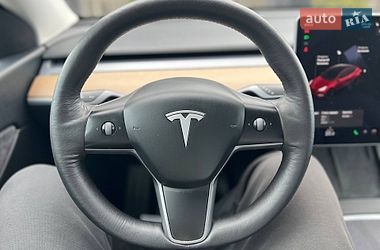 Внедорожник / Кроссовер Tesla Model Y 2021 в Львове
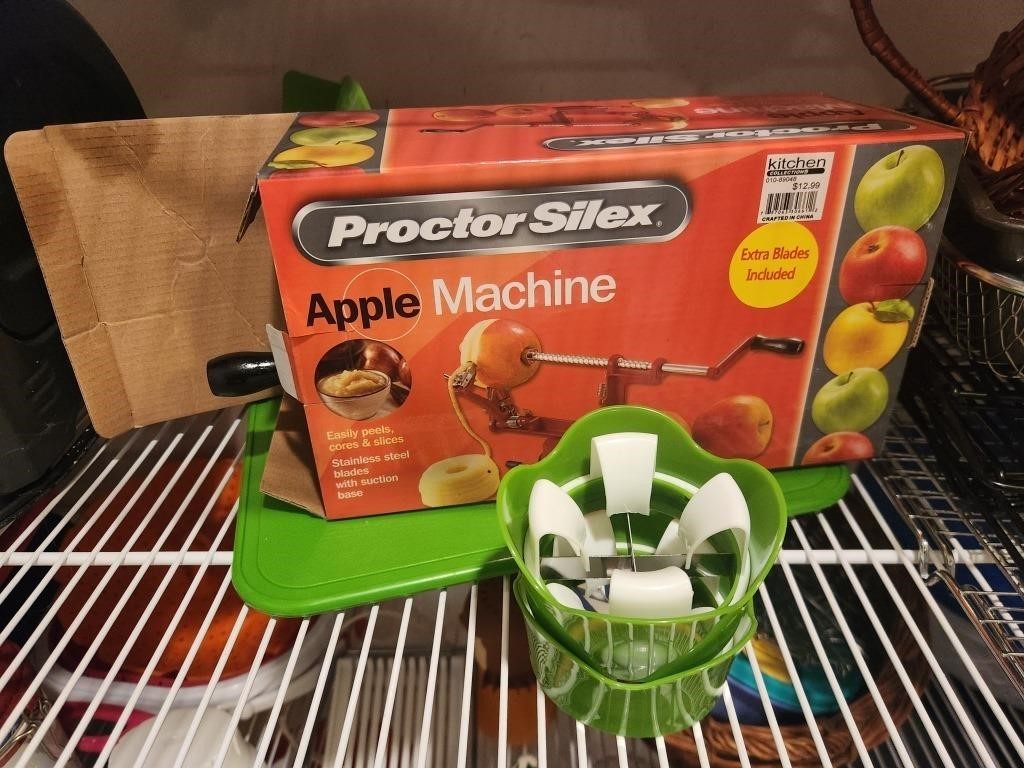 Proctor Silex Apple Machine, Cutting Board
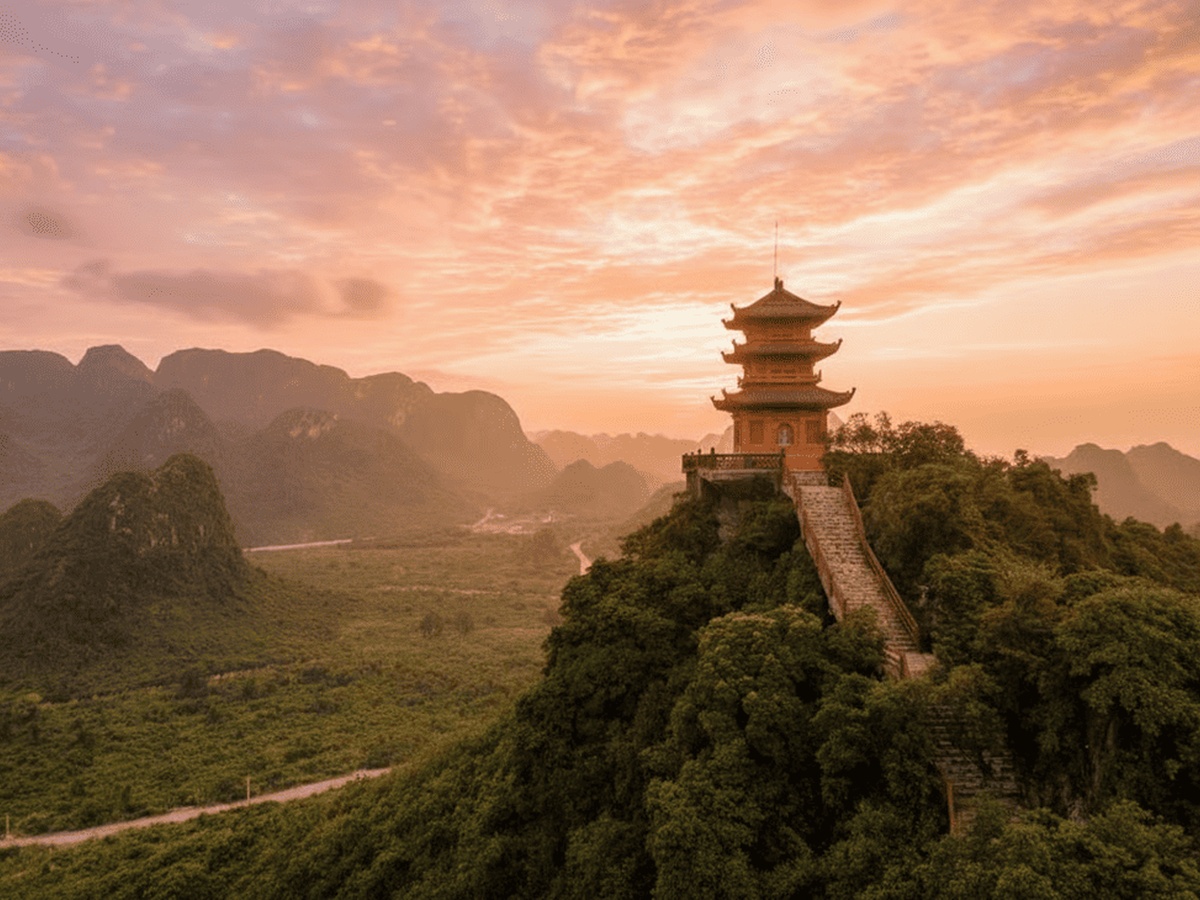 Chùa Ngọc nằm trên đỉnh núi, mở ra tầm nhìn rộng về phía hồ và quần thể Tam Chúc. (Nguồn: Sưu tầm)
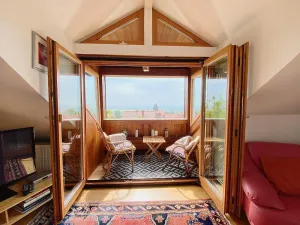 Image of Balcony of the Palatinate - apartment, shower and bath, toilet, 1 bedroom
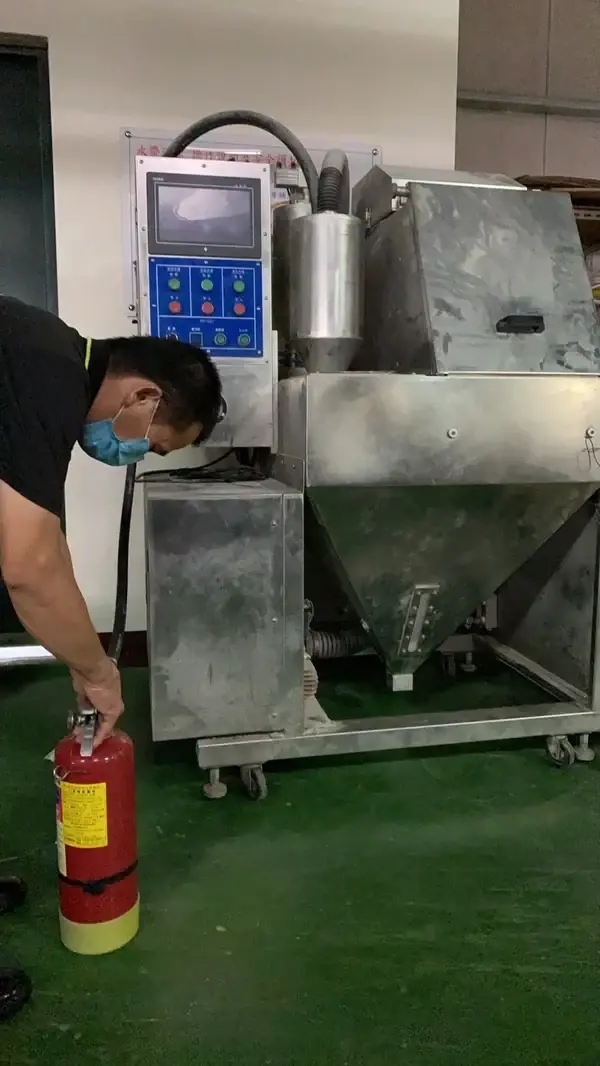 ABC性能檢查流程－將舊粉噴入回收桶槽內(性能測試)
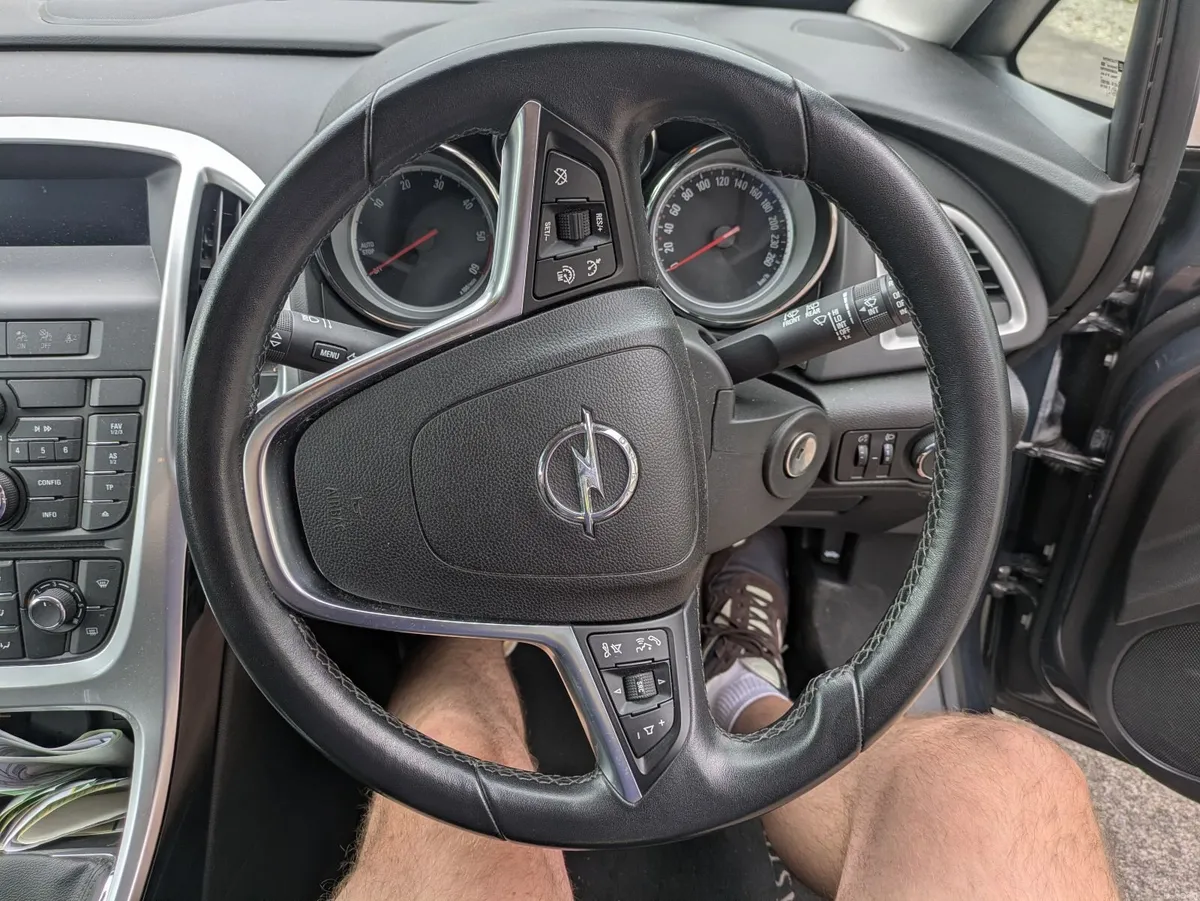 Opel Astra 2015 1.6 Diesel - Image 5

******************************

Exercise details
Starting with the line that has "Image of Balcony" and ending with the last line of the records, retype every line exactly and only those lines. Do not include the pictures.

Task output
 Image of Balcony of the Palatinate - apartment, shower and bath, toilet, 1 bedroom
 ABC性能檢查流程－將舊粉噴入回收桶槽內(性能測試)
 Opel Astra 2015 1.6 Diesel - Image 5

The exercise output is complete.